If investors ignore Intel’s history of overpaying for acquisitions like it did with Mobileye, then they may sit tight to enjoy the positive cash flow growth and profitability of its core business.
Intel refreshed the computer chips that power most PCs around the world. Though it admitted some of its chips are vulnerable to hacking, the security hole is unlikely to put a dent in sales. Even though the PC market is shrinking, due to the exploding growth in smartphones, businesses still need to refresh their hardware every few years.
To keep ahead of the curve and to maintain its profit margin, Intel leaked details of its 8th generation Coffee Lake chips.
Both the mobile and desktop processors will have a Core i9 option. The six-core/12-thread will satisfy even the most power-hungry end user. The Core i5 family will continue targeting the mainstream market, while the Core i7 will appeal to users who need more power from the computer system.
Intel Mobile Device Play
Even with Intel’s lack of presence in the smartphone market, the company is still delivering on revenue growth. But INTC cannot stay out for too long. To take advantage of the litigation between Apple Inc. (NASDAQ:AAPL) and Qualcomm, Inc. (NASDAQ:QCOM), Intel is reportedly working with Apple to develop a 5G wireless broadband solution.
The partnership is a win-win for Apple and Intel. Apple wants to lessen its dependence on Qualcomm, while Intel will start making some of its revenue from the mobile market.
Partnership With Micron
Recognizing the importance of high-speed storage demand, Intel partnered with Micron Technology, Inc. (NASDAQ:MU) to develop 3D XPoint. According to Anandtech, Intel will launch these memory modules in the second half of 2018.

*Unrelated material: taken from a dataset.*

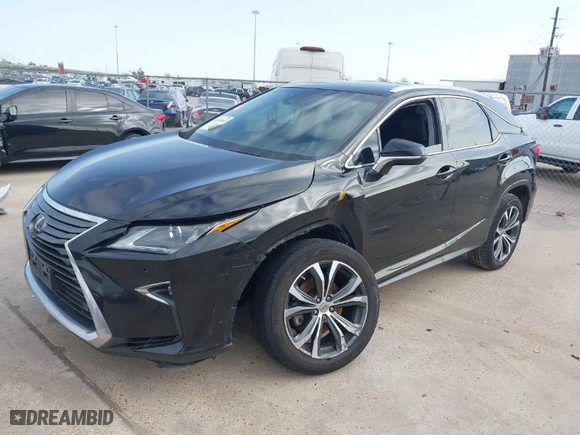 2016 Lexus RX 350 with VIN 2T2ZZMCA6GC012562, listed as a IAAI auction lot 41549952 with 135,078 mi miles. Bid and sale history available at carsss.com. Image 2.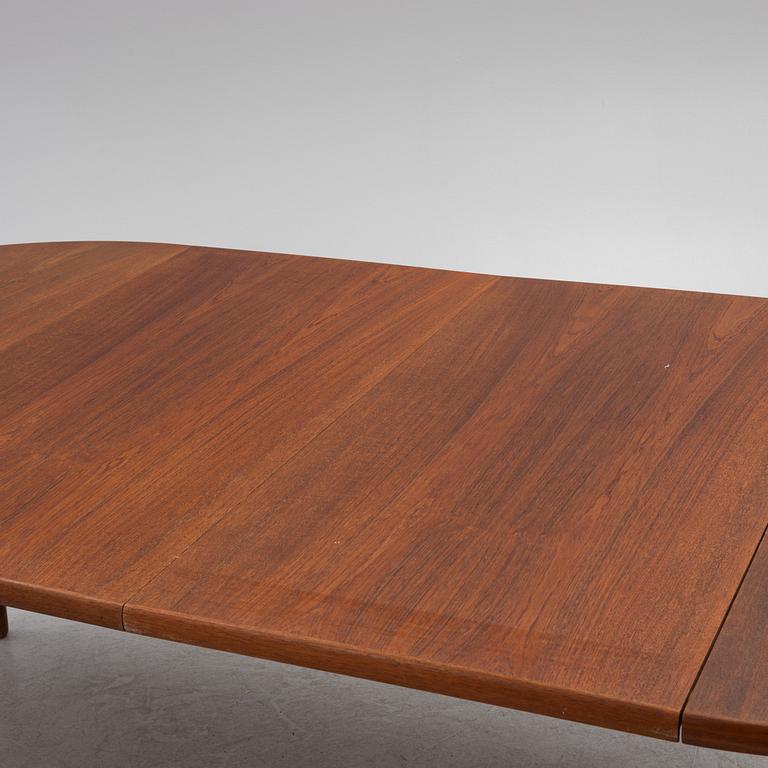 Karl Erik Ekselius, a dining table, JOC Möbler, Vetlanda, 1960s.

Micron finished with its building expansion that will be the site for IM Flash production. When both companies mass produce the product next year, revenue growth will accelerate. At a P/E of 9.7x for Micron and 15.7x for Intel, both stocks will look cheap in light of a major product refresh coming down the pipeline.
Investors who buy both MU and INTC stock are likely getting a discount on their future values. Markets are likely discounting the share prices to account for the potential of a release delay. The market may be pricing in limited production for 3D XPoint-based solutions, at least for 2018. Yet if markets are wrong in anticipating these temporary headwinds, shares of both companies will soar.
Analysts are mostly bullish on INTC stock. Of the 27 analysts covering it, 17 rank Intel stock as a buy. The median price target is $50 a share (according to TipRanks). Conversely, of the 12 models built for estimating Intel’s fair value on finbox.io, the average price target is $41.56. Who is right?
Intel’s growth is hardly inspiring. Its revenue will not grow by more than eight percent, and its earnings growth will lag that of the semiconductors and semiconductor equipment market. Still, if Intel trades in a range, it will give the company time to build its business in autonomous driving (through Mobileye).
Takeaway on INTC Stock
INTC stock broke out beyond its longtime trading range of between $34 to $36 a share. If the stock dips lower, the drop will not last long. This would only give value investors another chance to buy the stock at a discount.
Disclosure: Author holds no shares in any of the companies mentioned.